The Boston University Frederick S. Pardee Center for the Study of the Longer-Range Future and the Sustainable Development Knowledge Partnership (SDKP) hosted a seminar at the United Nations Headquarters in New York on “Governance for Sustainable Development: Institutional Challenges for Rio+20“ on Wednesday, May 12, 2010. Nearly 60 people attended in a packed conference room and heard six eminent panelists list to a range of innovative ideas about how to improve global sustainable development governance.
The speakers on the panel included: Amb. Carsten Staur, Permanent Representative of Denmark to the United Nations; Amb. Kaire Mbuende, Permanent Representative of Namibia to the United Nations; Dr. Ashok Khosla, President of the International Union for Conservation of Nature (IUCN); Dr. Tariq Banuri, Director for the UN Division of Sustainable Development; Dr. Tom Bigg, Head of Partnerships for the International Institute for Environment and Development; and Prof. Adil Najam, Director of the Frederick S. Pardee Center for the Study of the Longer-Range Future. The session was moderated by Dr. Miquel Munoz, Pardee Center.

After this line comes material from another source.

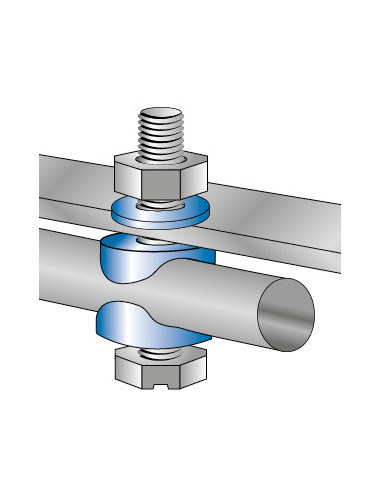 1 x Sluitring 8.3X28X11 voor Buis 27 to 29...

The event was held as part of the Eighteenth meeting of the United Nations Commission on Sustainable Development (UN CSD) during the ‘high-level segment’ of the CSD and right before the commencement of the PrepCom meeting for the 2012 United Nations Conference on Sustainable Development, during which the sustainable development governance is one of two key issues for discussion (the other being ‘green economy’).
Opening the discussion, Ambassador Carsten Staur of Denmark said Rio+20 is an opportunity to reinvent Sustainable Development. In particular, he noted that Rio+20 provides the opportunity to truly bring together development and environment, which now have separate tracks at the international level. He stressed that climate change has raised the poltical profile of environmental and development issues and highlighted the importance of evidence-based approaches and the high-level finance group.

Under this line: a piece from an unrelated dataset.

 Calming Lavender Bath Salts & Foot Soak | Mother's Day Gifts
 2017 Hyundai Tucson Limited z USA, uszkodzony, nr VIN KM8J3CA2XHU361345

Dr. Tariq Banuri stressed the need to focus on sustainable development, rather than just environmental issues. He said the true challenge for 2012 is to address the issues where there are genuine trade offs between environment and development.

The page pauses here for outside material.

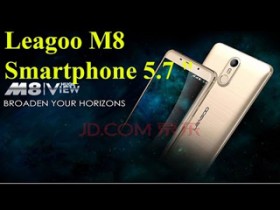 Обзор смартфона Leagoo M8 5.7 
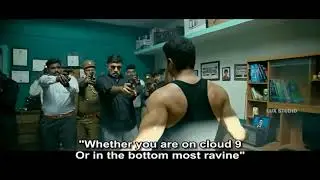 Mersal intro and working out of Thalapathy Vijay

Ambassador Kaire Mbuende of Namibia said the responsibility of CSD is to provide policy guidance and to mainstream sustainable development to other areas. He said the missing link is to move to the national and implementation levels. He noted tha climate change is a catalyst for resource mobilization.
Dr. Ashok Khosla said the UN should be a catalyst for action outside the UN. He stressed the importance of generating and disseminating knowledge, for instance on water issues. He advocated the creation of a Consultative Group on Technologies and Solutions for Sustainable Development.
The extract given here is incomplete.